Dataset entries
☆ ☆ ☆ ☆

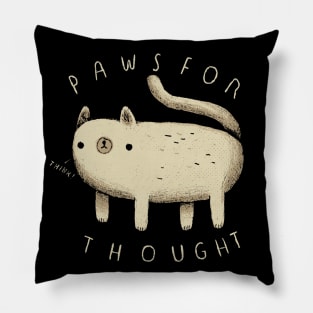 paws for thought Pillow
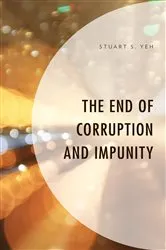 Book cover of The End of Corruption and Impunity by Stuart S. Yeh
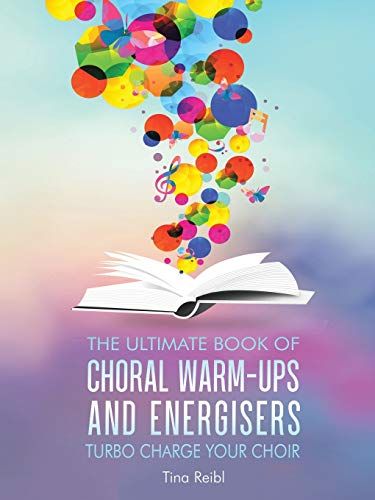 The Ultimate Book Of Choral Warm-Ups And Energisers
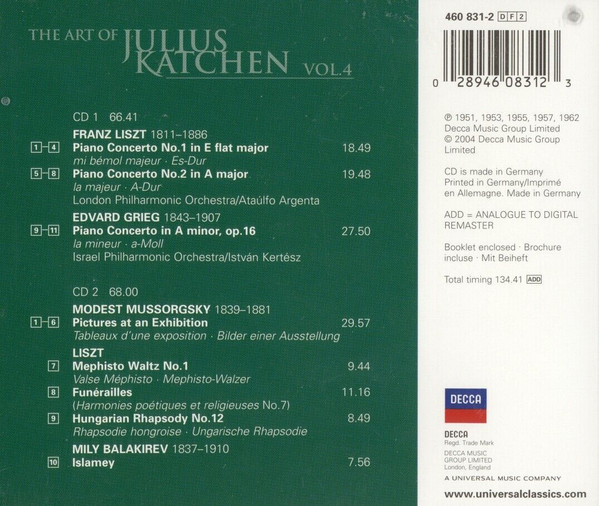 Julius Katchen , Franz Liszt , Edvard Grieg , Modest Mussorgsky , Mily Balakirev - The Art Of Julius Katchen Vol. 4 | Decca (460 831-2) - 2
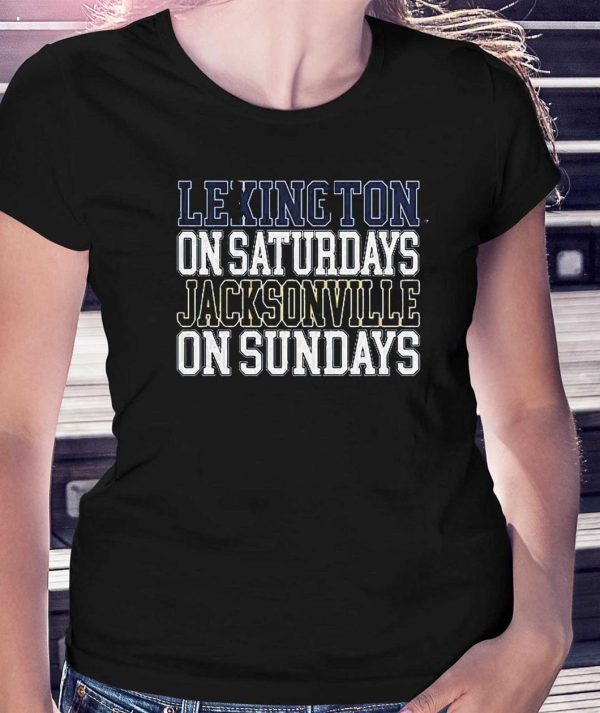 Lexington On Saturdays Jacksonville On Sundays T-Shirt - Torunstyle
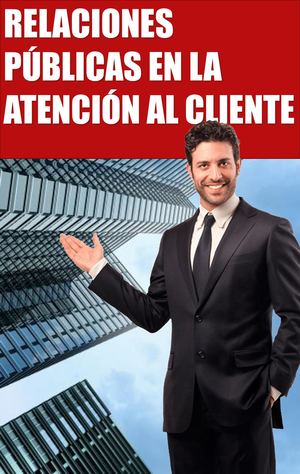 Relaciones Públicas En La Atención Al Cliente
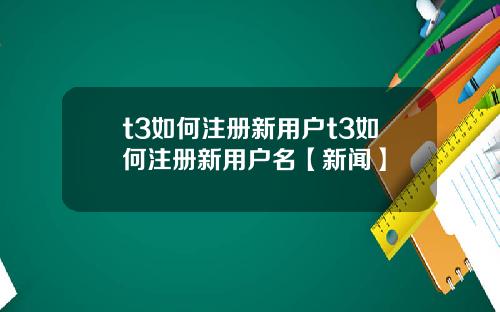 t3如何注册新用户t3如何注册新用户名【新闻】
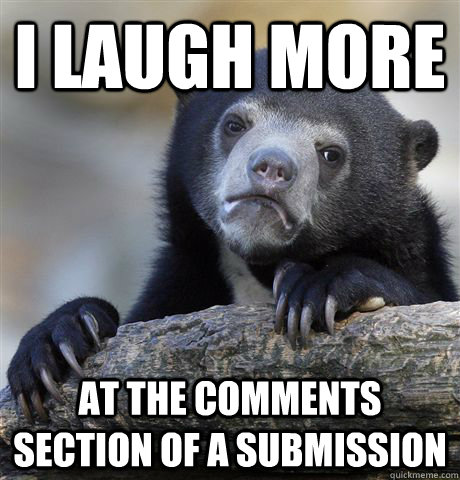i laugh more at the comments section of a submission  Confession Bear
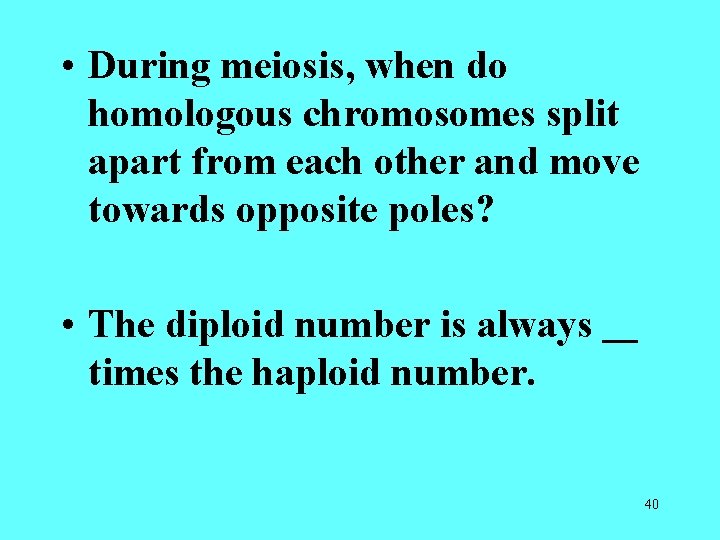 • During meiosis, when do homologous chromosomes split apart from each other and • During meiosis, when do homologous chromosomes split apart from each other and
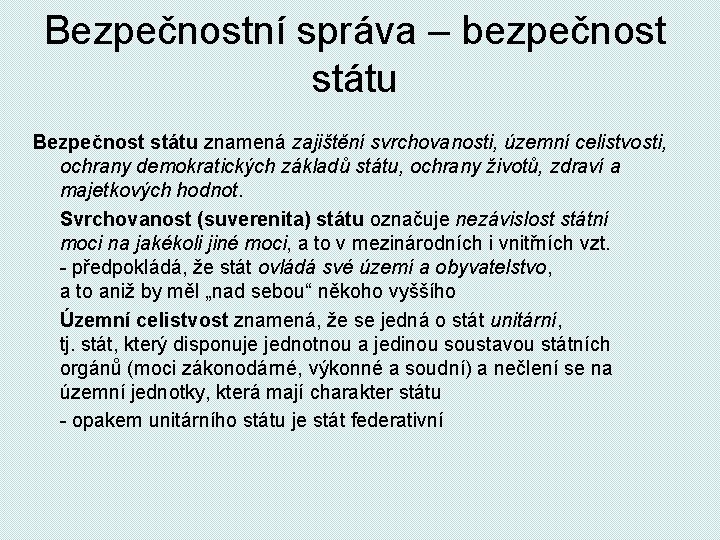 Bezpečnostní správa – bezpečnost státu Bezpečnost státu znamená zajištění svrchovanosti, územní celistvosti, ochrany demokratických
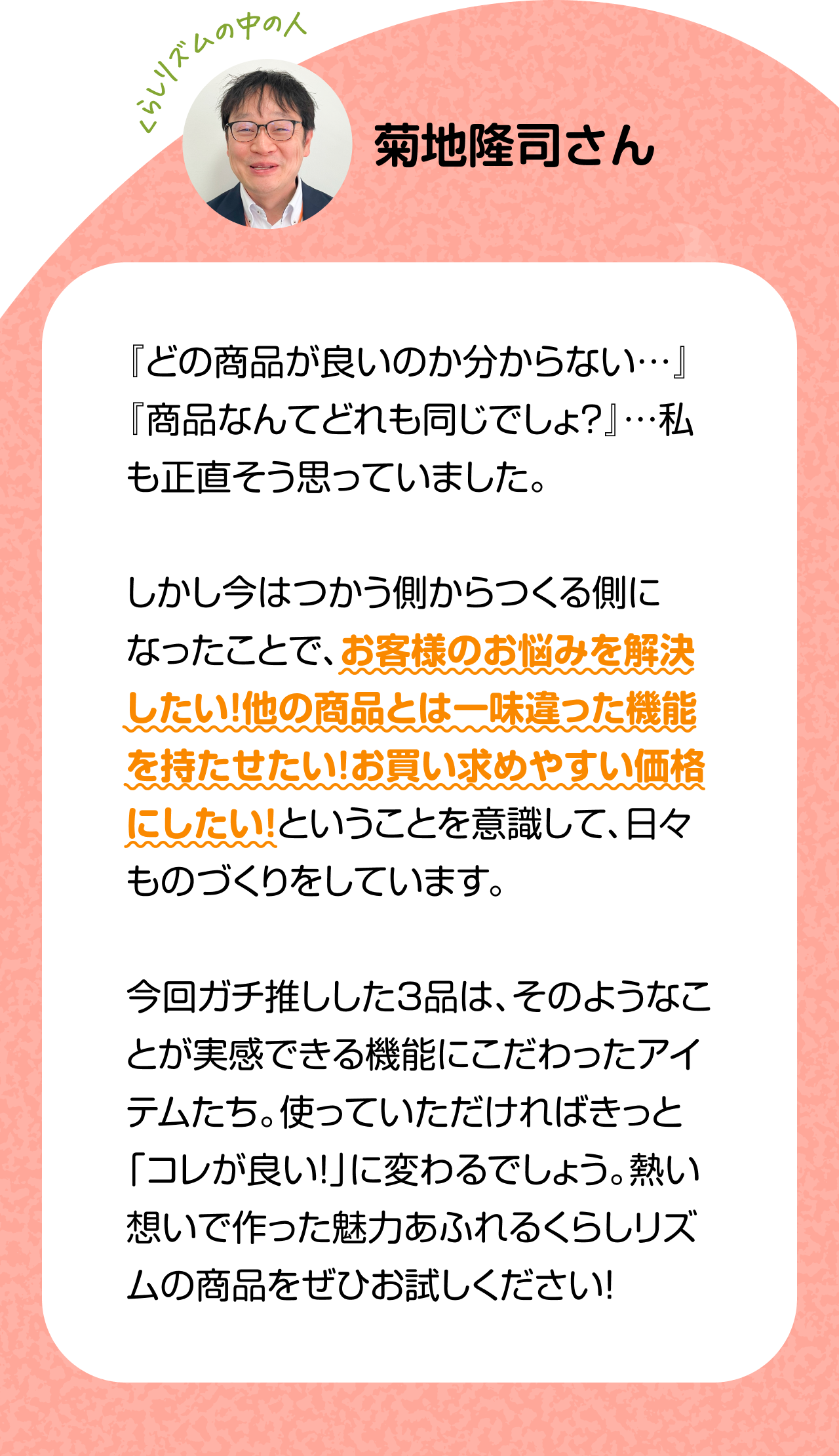 くらしリズムの中の人 菊地隆司さん　『どの商品が良いのか分からない…』『商品なんてどれも同じでしょ？』…私も正直そう思っていました。しかし今はつかう側からつくる側になったことで、お客様のお悩みを解決したい！他の商品とは一味違った機能を持たせたい！お買い求めやすい価格にしたい！ということを意識して、日々ものづくりをしています。今回ガチ推しした3品は、そのようなことが実感できる機能にこだわったアイテムたち。使っていただければきっと「コレが良い！」に変わるでしょう。熱い想いで作った魅力あふれるくらしリズムの商品をぜひお試しください！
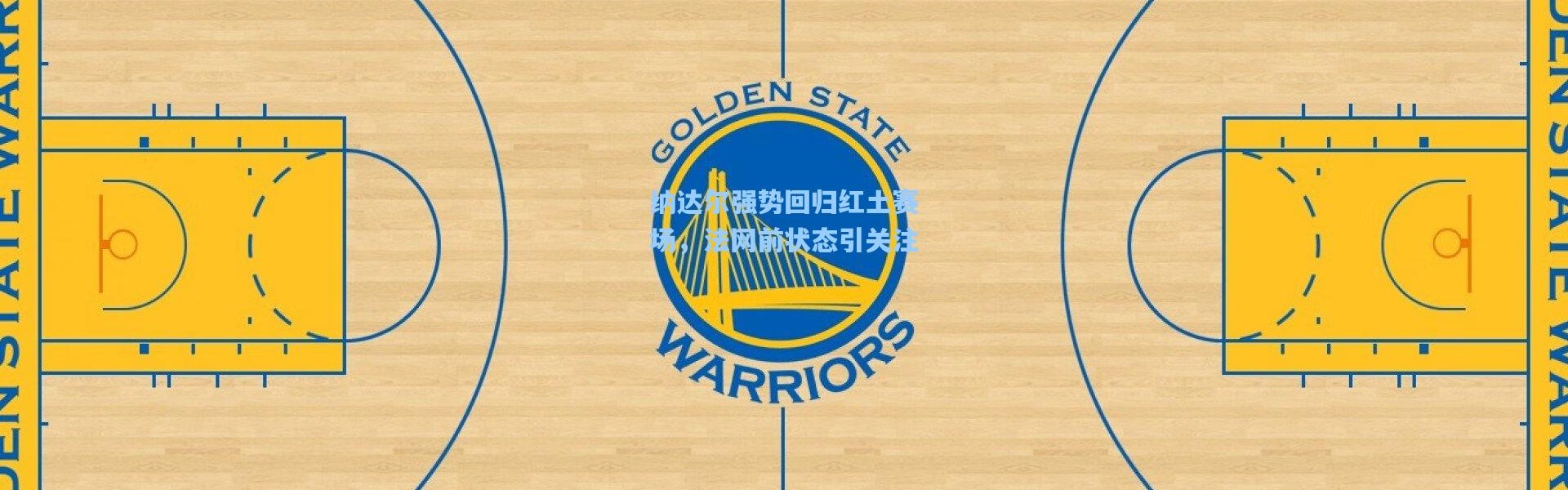 壹号娱乐下载_纳达尔强势回归红土赛场，法网前状态引关注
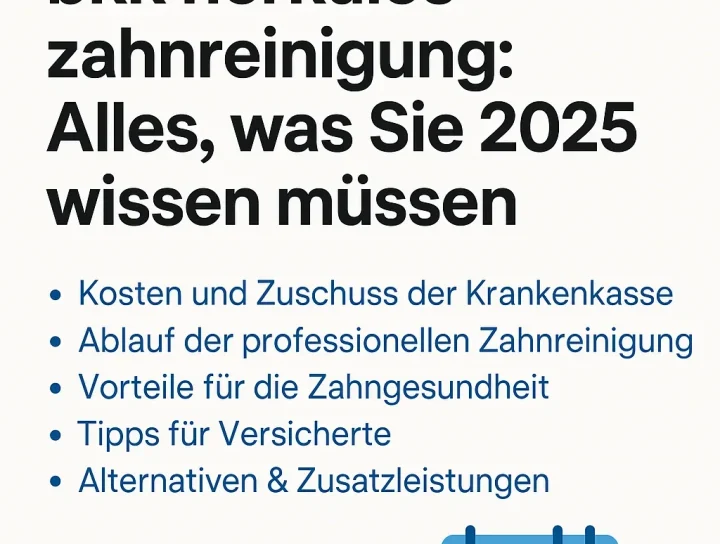 bkk herkules zahnreinigung: Alles, was Sie 2025 wissen müssen 16 bkk herkules zahnreinigung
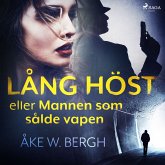 Lång höst eller Mannen som sålde vapen (MP3-Download)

☆ ☆ ☆ ☆

Every line from the one that holds "i laugh more" to the last line of the records above goes into the answer, exactly as written; nothing else does, and no picture does either.

**Solution below:**
i laugh more at the comments section of a submission  Confession Bear
 • During meiosis, when do homologous chromosomes split apart from each other and • During meiosis, when do homologous chromosomes split apart from each other and
 Bezpečnostní správa – bezpečnost státu Bezpečnost státu znamená zajištění svrchovanosti, územní celistvosti, ochrany demokratických
 くらしリズムの中の人 菊地隆司さん　『どの商品が良いのか分からない…』『商品なんてどれも同じでしょ？』…私も正直そう思っていました。しかし今はつかう側からつくる側になったことで、お客様のお悩みを解決したい！他の商品とは一味違った機能を持たせたい！お買い求めやすい価格にしたい！ということを意識して、日々ものづくりをしています。今回ガチ推しした3品は、そのようなことが実感できる機能にこだわったアイテムたち。使っていただければきっと「コレが良い！」に変わるでしょう。熱い想いで作った魅力あふれるくらしリズムの商品をぜひお試しください！
 壹号娱乐下载_纳达尔强势回归红土赛场，法网前状态引关注
 bkk herkules zahnreinigung: Alles, was Sie 2025 wissen müssen 16 bkk herkules zahnreinigung
 Lång höst eller Mannen som sålde vapen (MP3-Download)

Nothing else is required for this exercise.